Cancer immunotherapy has revolutionized treatment of many forms of cancer by unleashing the immune system response against tumors. Immunotherapies that block checkpoint receptors like PD-1, proteins that limit the capacity of T cells to attack tumors, have become the choice for the treatment of numerous types of solid cancer.
However, the introduction of PD-1-blocking agents can often result in T cells attacking healthy tissues in addition to cancer cells, causing severe, sometimes life-threatening, side effects that can blunt the benefits of immunotherapy.
A new study published by researchers at Yale School of Medicine reveals new insights into how PD-1 functions to maintain healthy tissues, findings that can help scientists predict, treat, or even prevent the side effects of PD-1 blocking immunotherapies.
The study was published June 21 in the journal Nature.

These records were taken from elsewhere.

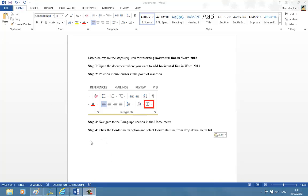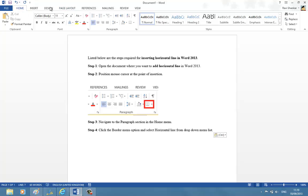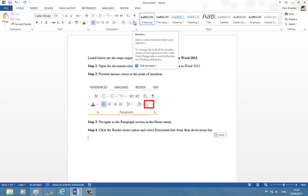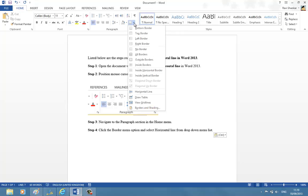If you want to insert a horizontal line after a paragraph, navigate to the Paragraph section in your Home menu and then click the Border dropdown. Here you should see the option called Horizontal Line.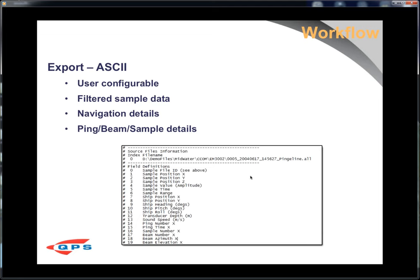Finally, there's ASCII export. We have a lot of folks who write their own MATLAB code, especially in the fisheries realm, who want custom processing. So we have a way to export ASCII information, with a couple of different choices for the types of data you want to export.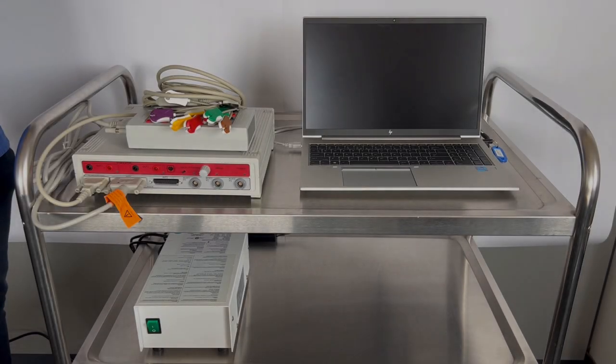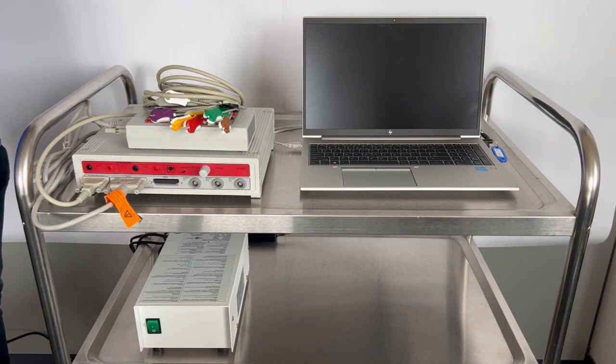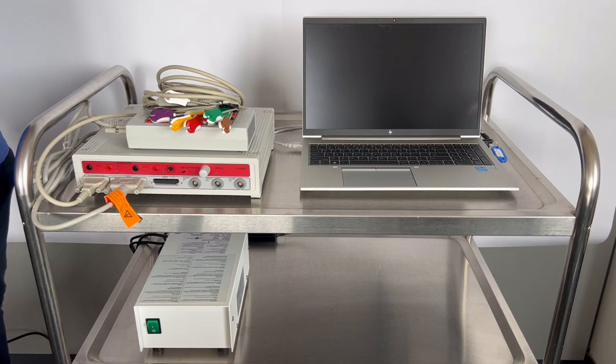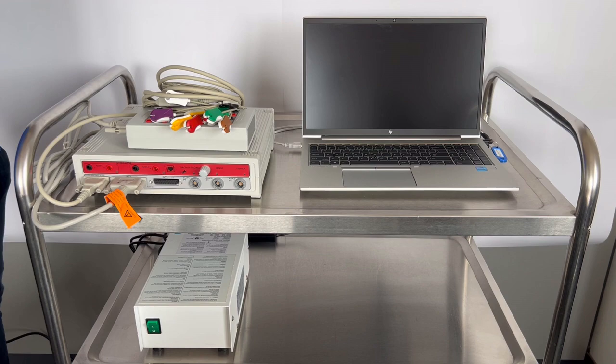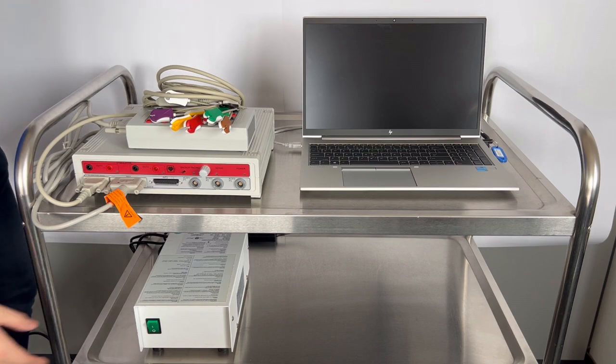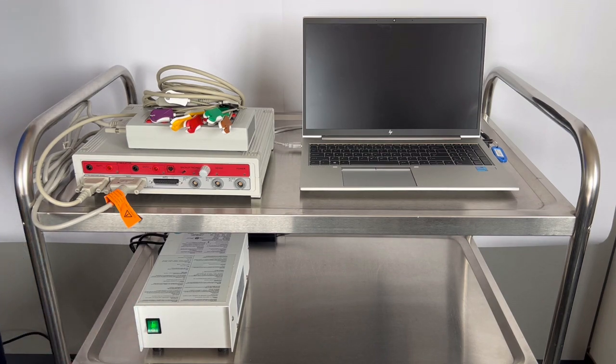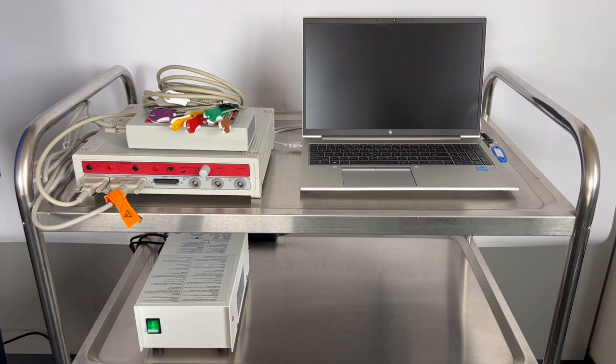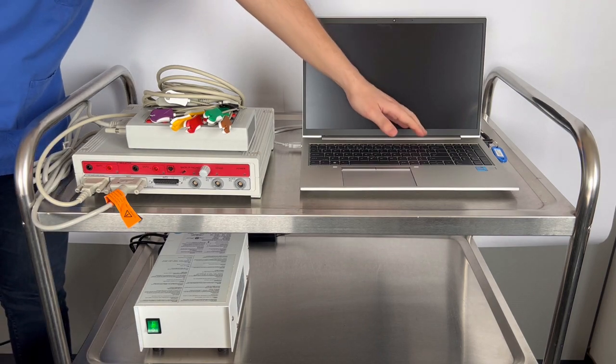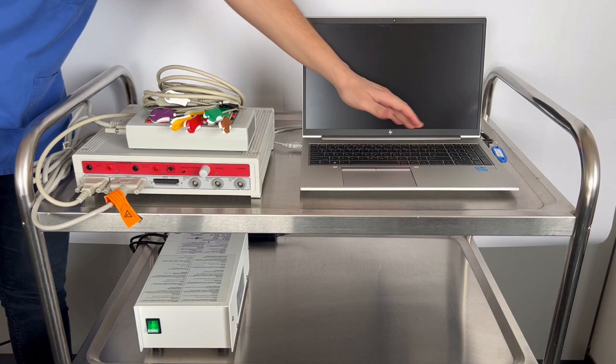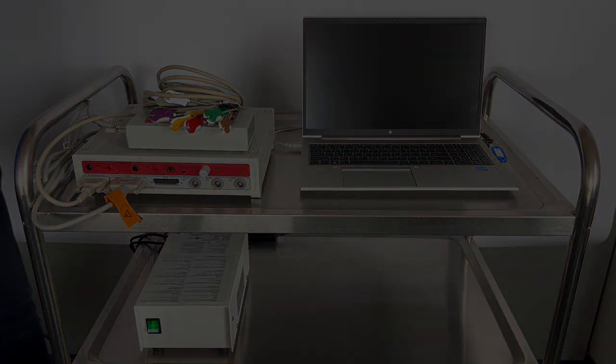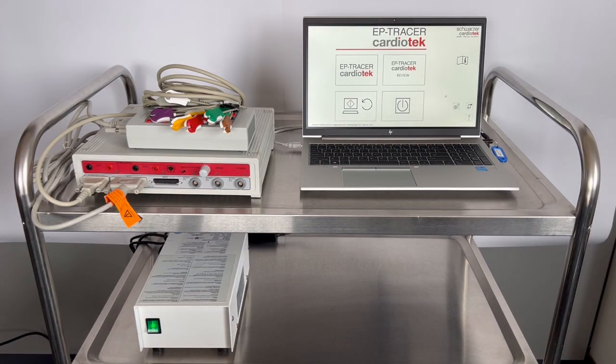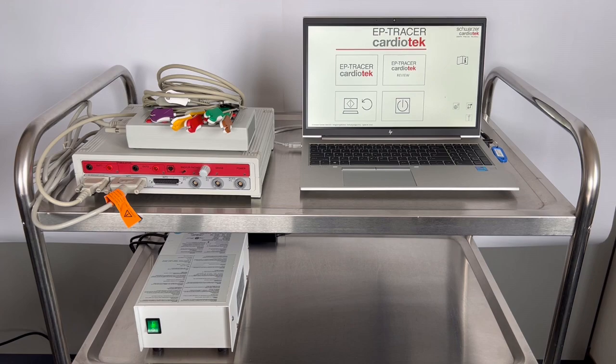With all connections securely established, the next step is to power up the entire system. Simply press the green switch on the transformer to initiate power, automatically activating the amplifier. Following this, press the start button on the laptop, the software will boot up momentarily. And that's it. Now the EP Tracer system is ready for use.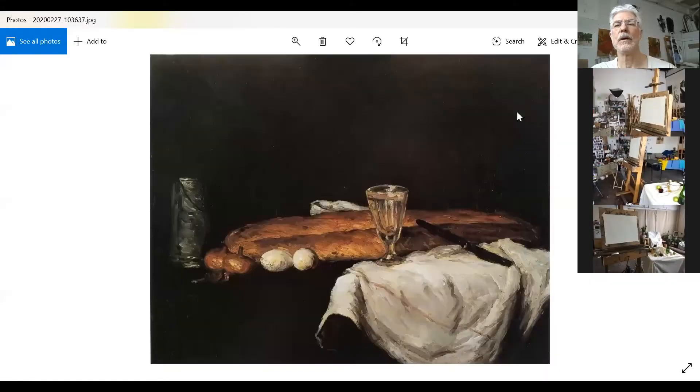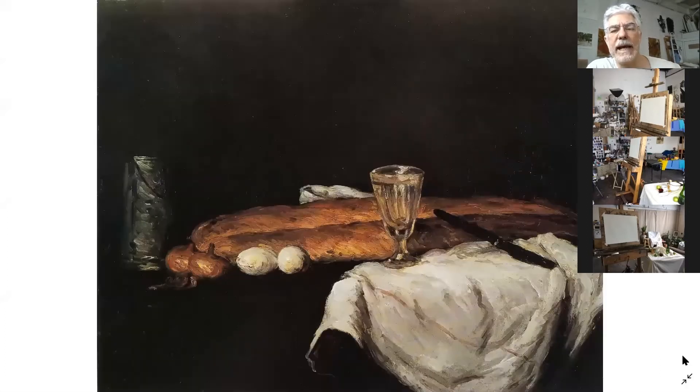I'm going to open up some images so that we can do a screen sharing. Hopefully you all can see this. This is an early still life by Cézanne. We've got a couple of loaves of bread, some eggs, cloth, and a knife.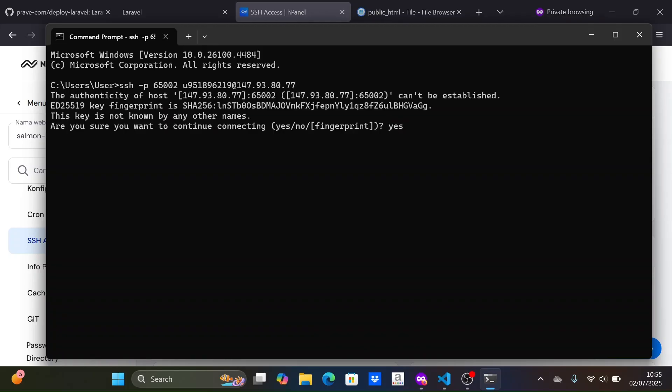For the first input, just type yes. For the second input, enter the SSH password you created.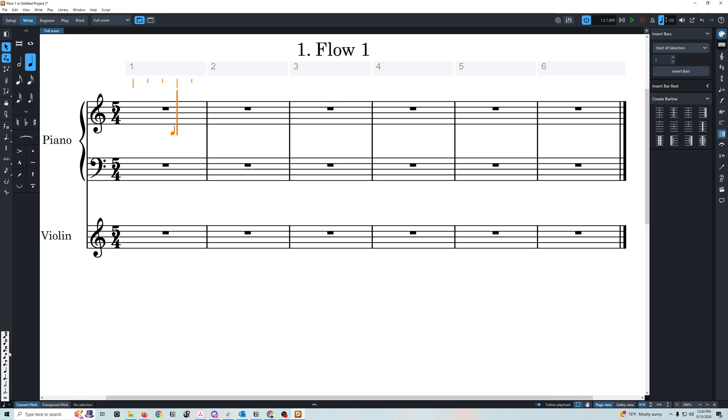So if we wanted to see eighth notes, we would select eighth notes and now you can see we're seeing eighth notes within the grid. This doesn't impact how many notes you can put in, it's just showing you the lines, somewhat similar to the Finale speedy entry.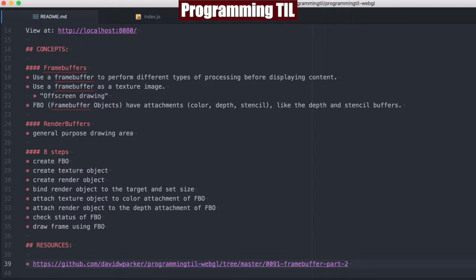Hello, I am David W. Parker. This is Programming Today I Learned, WebGL Series, Episode 91. This is FrameBuffer Part 2.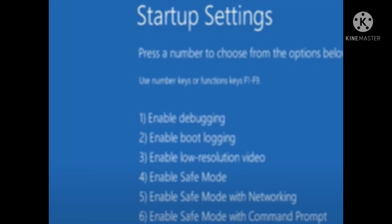If your problem is not solved with all these methods, then you have to reinstall your Windows. I hope this video is useful for you.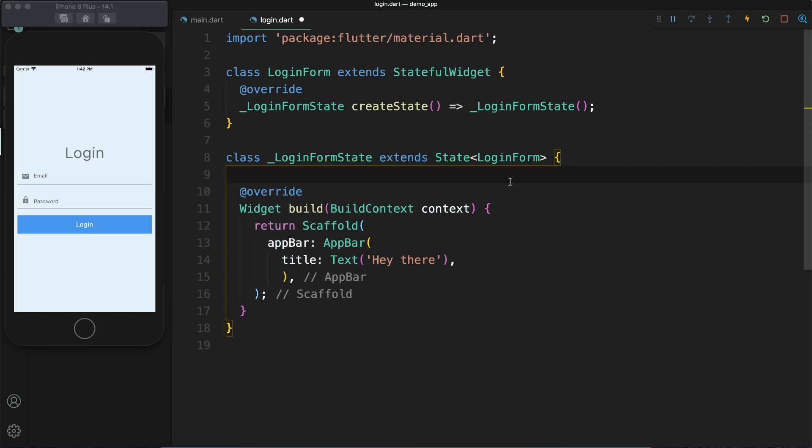My name is Nittish and in this video I am going to show you how you can build a login form similar to this one. This is not a regular login form — this has something interesting. Let me show you that.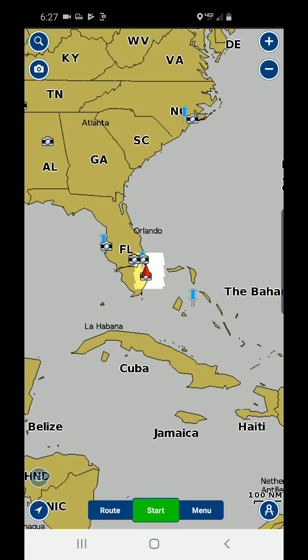Also remember that Navionics is having a trade-in rebate program through the end of the year that allows you to get a $50 to $75 rebate credit when you trade in an old chip and purchase a new chip. Simply Google 'Navionics rebate'.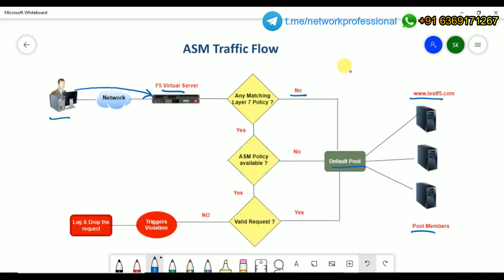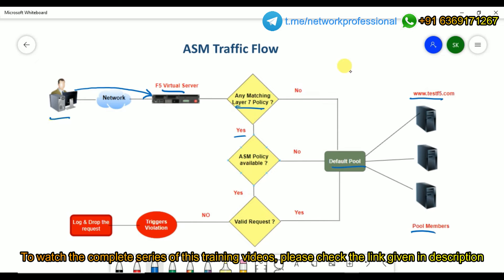If there is a layer 7 policy associated to the virtual server, then it will check whether there is an ASM policy — the WAF policy — associated to the virtual server. If there is no ASM policy, then it goes back to the default pool, meaning whatever pool is associated to this virtual server, and based on the load balancing algorithm it will process the transactions.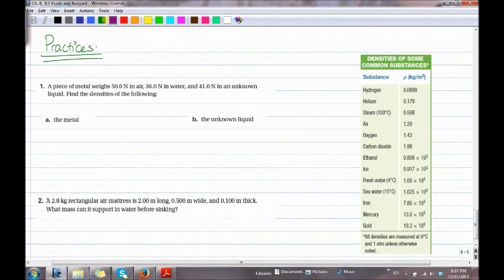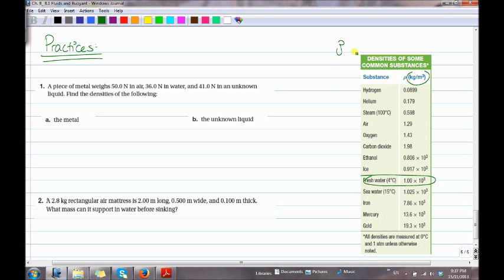Now let's do some practice. Before we start, note that you should know key densities. The most important one to know is fresh water: rho equals 1.00 times 10 to the power of 3 kilograms per meter cubed. Sometimes in questions they will give you the densities as given.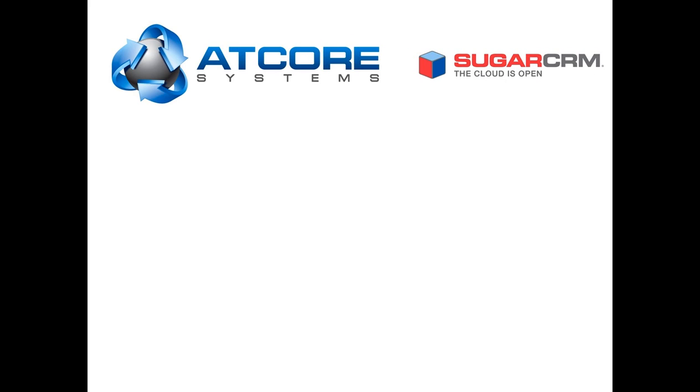Hi, welcome to this installment of SugarCRM tutorials for Atcore Systems. Today, we will look at the search functions within your installation of SugarCRM.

"While we know why blocking checkpoint receptors boosts anti-cancer immune responses, we don't understand why these immunotherapies also cause adverse events in normal organs," the authors write. "However, the emergence of these adverse events suggests that checkpoint receptors like PD-1 are involved in the constant protection of healthy tissues from immune attack in normal individuals."
Currently doctors are not able to predict which individuals are likely to develop such side effects and which healthy organs will be attacked as a consequence of immunotherapy. Side effects may prompt doctors to either suspend immunotherapy or prescribe immunosuppressants, with negative consequences on the anti-cancer effects of immunotherapy.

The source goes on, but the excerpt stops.